■ **Data segment**
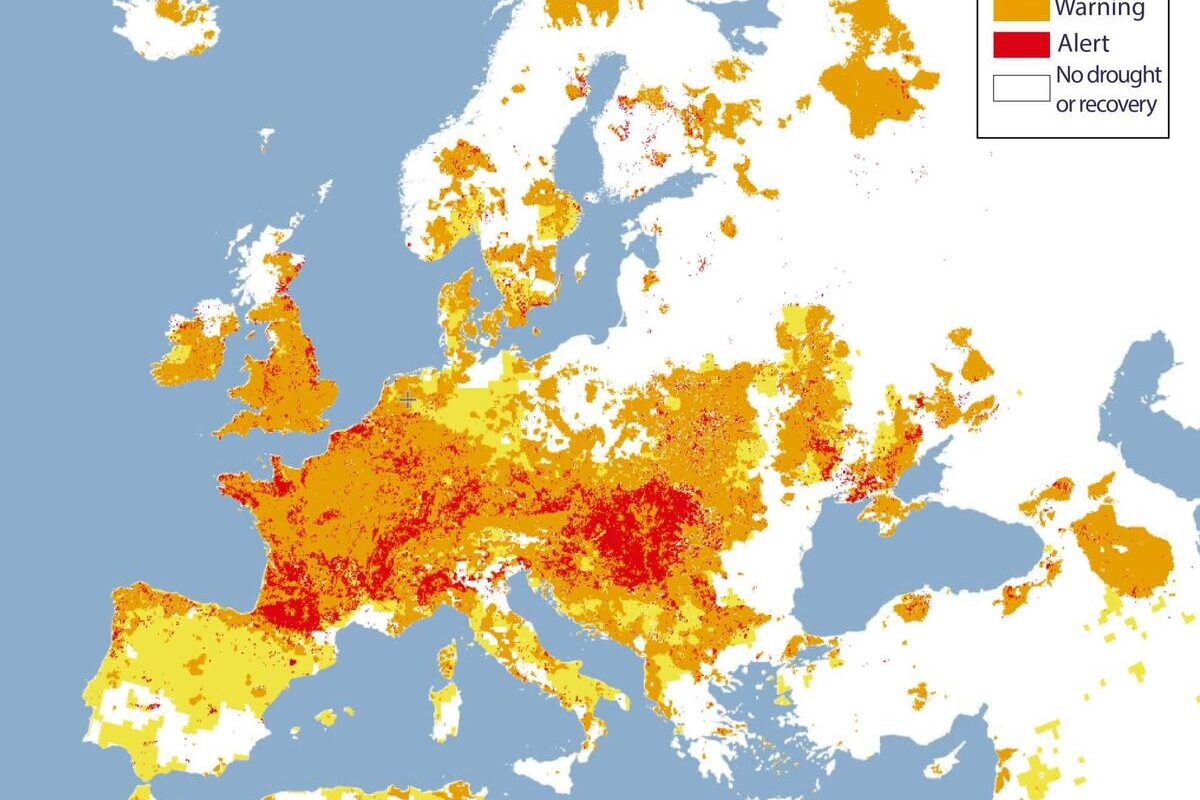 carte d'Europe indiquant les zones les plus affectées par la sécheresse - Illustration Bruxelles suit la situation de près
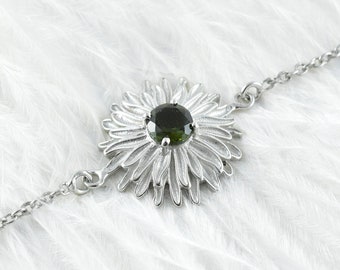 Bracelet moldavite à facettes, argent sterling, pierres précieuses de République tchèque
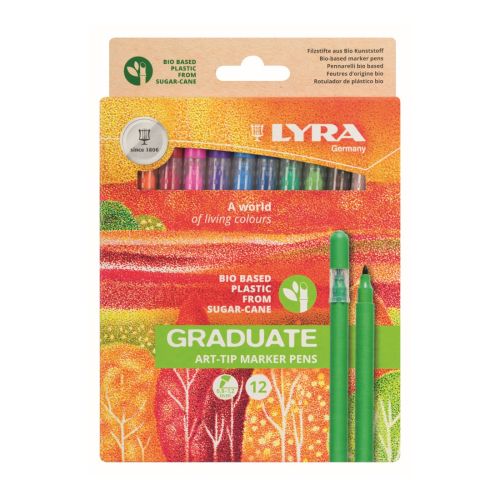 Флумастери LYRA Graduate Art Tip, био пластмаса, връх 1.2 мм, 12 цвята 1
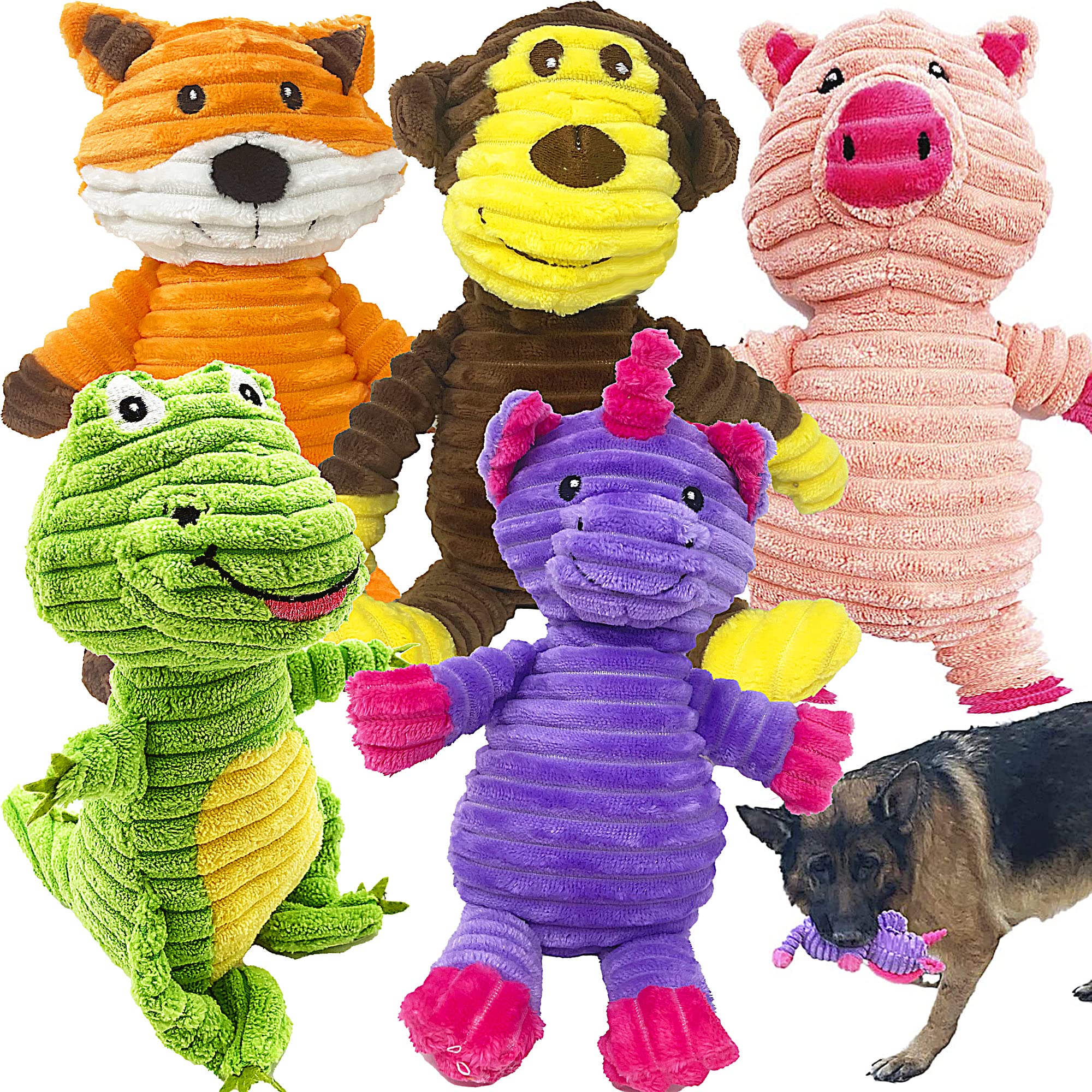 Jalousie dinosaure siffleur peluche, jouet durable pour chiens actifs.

■ **Work instructions**
Please restate exactly the lines from the one containing "Флумастери LYRA Graduate" down to the end of the material, both ends kept, and do not include the pictures.

■ **Solution for this problem**
 Флумастери LYRA Graduate Art Tip, био пластмаса, връх 1.2 мм, 12 цвята 1
 Jalousie dinosaure siffleur peluche, jouet durable pour chiens actifs.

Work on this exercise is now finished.